Extent of the "as-if" rule

S

Sidney Cadot

Hi all,


In a discussion with Tak-Shing Chan the question came up whether the
as-if rule can cover I/O functions. Basically, he maintains it can, and
I think it doesn't.

Consider two programs:

/*** a.c ***/
#include <stdio.h>
int main(void)
{
fopen("somefile","rb");
return 0;
}

/*** b.c ***/
in main(void)
{
return 0;
}

Would it be legal for a compiler (through optimization), to emit the
same code for program a.c and b.c ?

I'd welcome a reference from the standard.

Best regards,

Sidney
 
J

Johan Lindh

Sidney said:
Hi all,


In a discussion with Tak-Shing Chan the question came up whether the
as-if rule can cover I/O functions. Basically, he maintains it can, and
I think it doesn't.

Consider two programs:

/*** a.c ***/
#include <stdio.h>
int main(void)
{
fopen("somefile","rb");
return 0;
}

/*** b.c ***/
in main(void)
{
return 0;
}

Would it be legal for a compiler (through optimization), to emit the
same code for program a.c and b.c ?

I'd welcome a reference from the standard.

Best regards,

Sidney

I'll take a stab at this...

Since fopen() is a function (15.2), it may therefore have side effects.
Optimizing it away would therefore be an error.
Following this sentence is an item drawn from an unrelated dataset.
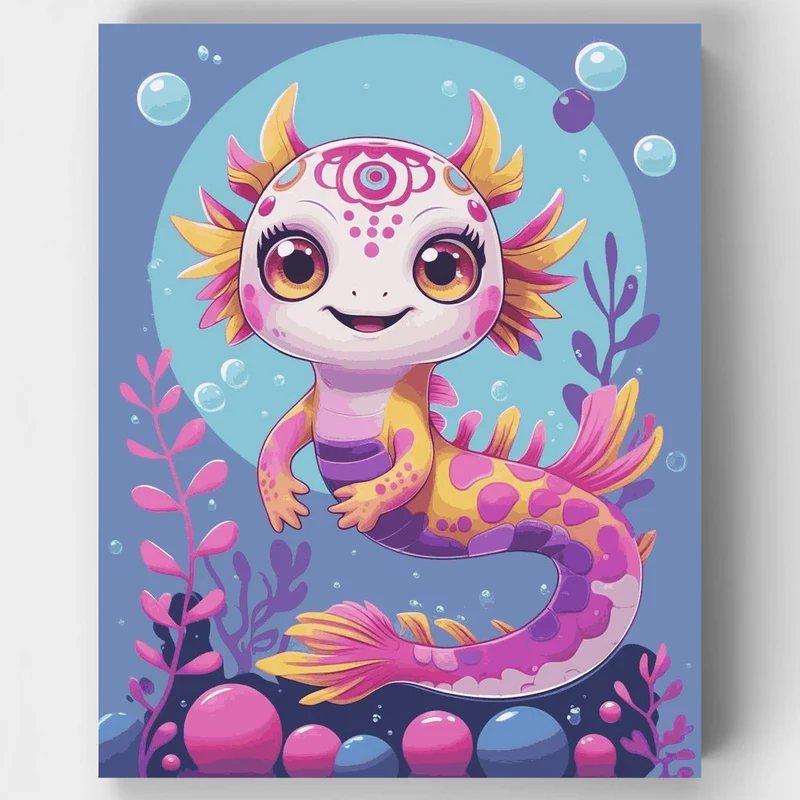 Cute Axolotl Mermaid - Paint by Numbers Kit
Perhaps the OS it's running on starts up a pot of coffee if someone
opens the 'somefile' file for reading, and that's the intended effect.

/J
 
T

Tristan Miller

Greetings.

Consider two programs:

/*** a.c ***/
#include <stdio.h>
int main(void)
{
fopen("somefile","rb");
return 0;
}

/*** b.c ***/
in main(void)
{
return 0;
}

Would it be legal for a compiler (through optimization), to emit the
same code for program a.c and b.c ?

I'd welcome a reference from the standard.

I don't know what the standard says, but from an implementation point of
view it might make sense not to optimize the fopen() away. Many file
systems maintain a "last accessed" timestamp for files; therefore, the
seemingly useless fopen() does indeed modify the environment.

Regards,
Tristan
 
D

Dan Pop

The as-if rule basically says that any optimisation/pessimisation is
allowed, as long as the *specified* output of the program is not affected.
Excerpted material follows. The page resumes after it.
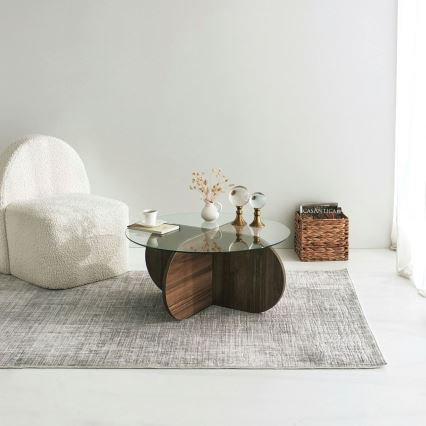 Coffee table BUBBLE 35x75 cm brown/clear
Yes, because both programs generate the same output, according to the
description of the abstract machine. Opening a file in read mode and
closing it (if the opening succeeded) does not generate any output.
I'll take a stab at this...

Since fopen() is a function (15.2), it may therefore have side effects.
Optimizing it away would therefore be an error.

Perhaps the OS it's running on starts up a pot of coffee if someone
opens the 'somefile' file for reading, and that's the intended effect.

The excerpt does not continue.